## What to work on
Begin with the line that has "detached 愛知県名古屋市名東区本郷３丁目5番地 グロウバルビル2階 2C号室". Give it and every line after it again, exactly, through the end of the entries below.

## Extracted material
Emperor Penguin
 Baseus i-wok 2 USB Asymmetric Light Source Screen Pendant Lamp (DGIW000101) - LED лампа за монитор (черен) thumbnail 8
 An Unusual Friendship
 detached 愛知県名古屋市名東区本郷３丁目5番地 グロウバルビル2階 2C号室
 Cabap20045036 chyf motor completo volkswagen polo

## Solution
 detached 愛知県名古屋市名東区本郷３丁目5番地 グロウバルビル2階 2C号室
 Cabap20045036 chyf motor completo volkswagen polo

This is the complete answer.